It used to be simpler. You woke up, and there was one newspaper you could read. It printed on pulp and delivered to your driveway. You got in your car, and there was a Sears strategically located within reasonable distance from your home on the highway. It had just about anything you needed, from baby clothes to car insurance—if you knew which part of the store to find it. The life of a American consumer for so much of the 20th century was defined by this comforting narrowness of choice, and the city paper and the area department store were two hallmarks of this localized scarcity .
But one of the byproducts of the Internet has been the shift from scarcity to abundance for the consumer. Google News, Twitter, and Facebook aren't local newspapers: They're global portals to the local newspapers of every city in the world. Amazon, the everything store, is so vast, it makes mid-twentieth-century Sears look like a late-19th century corner grocery. This revolution introduces a new challenge for both people and the companies serving them: What do you offer the customer who has access to everything?
Two of the major consumer portals for news (Facebook) and stuff (Amazon) responded to the problem of abundance with algorithms.
An algorithm is just a piece of code that solves a problem. Facebook's problem, with the News Feed, is that each day, there are 1,500 pieces of content—news articles, baby photos, engagement updates—and much of it is boring, dumb, or both. Amazon's problem is that it wants you to keep shopping after you buy what you came for, even though you don't need the vast majority of what Amazon's got to sell.
Both organizations narrow the aperture of discovery by using their best, fastest, most scalable formulas to bring to the fore the few things they think you'll want, all with the understanding that, online, you are always half a second away from closing the tab.
More in this series
Take the News Feed, perhaps the most famous and sophisticated media algorithm ever built. The full recipe of the News Feed is ultimately mysterious, but we have a sense of some of the portions. The most important ingredient is you. When you like something, hide something, click on something, or do nothing, Facebook's machine-learning algorithms considers your activity and bakes it into your next News Feed so that you see more of the stuff you've indicated you like. At the same time, Facebook also allows companies and individuals to pay for promotions to appear toward the top of the feed. Finally, the company routinely adjusts its dials, for example to show more news stories from respectable organizations with large digital followings. The News Feed is a little bit of behavioral psychology, a little bit of capitalism, and little bit of secret sauce.
Amazon's storefront also radically changes for each consumer, showing different pages to a gadget nerd, a romance novel reader, or a new parent.
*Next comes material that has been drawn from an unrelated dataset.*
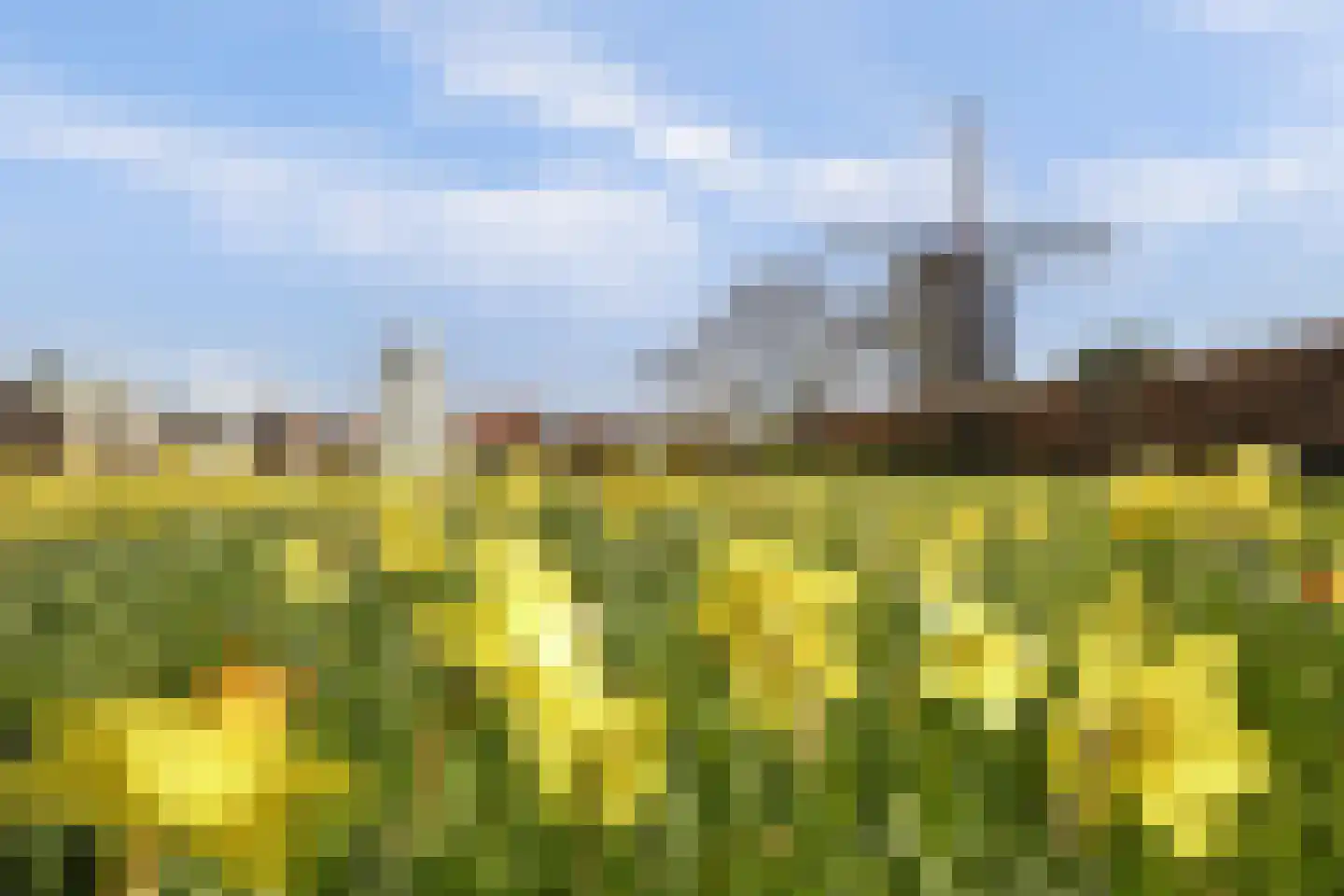 Beenhouwersplein 5 Oeffelt thumbnail 51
Building a recommendation engine from, not 1500 new stories, but millions of products means processing even more data within the half-a-second of a page load. This leaves little time to draw a personalized data map for each customer.
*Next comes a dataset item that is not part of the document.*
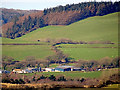 Llwyniorwerth viewed from Pant Da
No algorithm existed to do what Amazon needed to do at the scale Amazon needed to do it. So the company built a unique patented recommendation formula for itself in the late 1990s, as its chief engineer explained. Rather than match customers to similar customers, Amazon built an index of items that customers tend to purchase together. When you check out a page or make a purchase, the site shows you products with high ratings and similar qualities based on that index. Here, scraped from the patent application, is a diagram of how this system works, at the simplest level.
The key to this formula, which goes by the term "item-to-item collaborative filtering,” is that it’s fast, it’s scalable, and it doesn’t need to know much about you. This is a recommendation engine based on products rather than people. At its simplest, that means suggesting a football book to somebody who buys a football video game.
The strengths and weaknesses of each algorithm is clear. Facebook knows more about its users; Amazon knows more about its inventory. Each could stand to learn a bit from the other. Facebook is desperately trying to better identify its higher quality inventory, while it's often obvious that Amazon doesn't know its users. Amazon knows what's good, because it knows (a) what's been bought and (b) what's been highly rated. Facebook has likes, which are similar to ratings, but people might not be reading most of the content that they like, as Chartbeat CEO Tony Haile suggested in Time. In short, Amazon and Facebook are solving the problem of abundance with similar, but conceptually opposite, formulas.
The knock on Amazon I've heard from both friends and software developers is that its recommendation bots reveal themselves to be awfully, well, robotic. This Reddit comment is representative of the feeling:
Why is Amazon's recommendation engine still so ABSURDLY bad?
I've bought hundreds of books from Amazon. My last purchase was a John Sanford novel. It was okay, but I didn't feel strongly enough to write a review or even rate it.
Yet when I was looking for a new book today, and clicked on "Recommended For You," it quickly gave me 20 recommendations. Nineteen of which were Sanford novels.
That's not the recommendation of a friend who knows you. It's the recommendation of a software index that has no idea who you are, unless you've already bought those 19 books from Amazon already.
Maybe we like it that way. The equivalent knock on Facebook has often been that it knows us too personally and that its insinuation into our lives is creepy. But that's just the thing. For the age of algorithms to succeed on its own terms, we have to embrace a new version of intimacy that felt natural with the local newspaper and corner shop clerk who knew our name. The machines have to know us.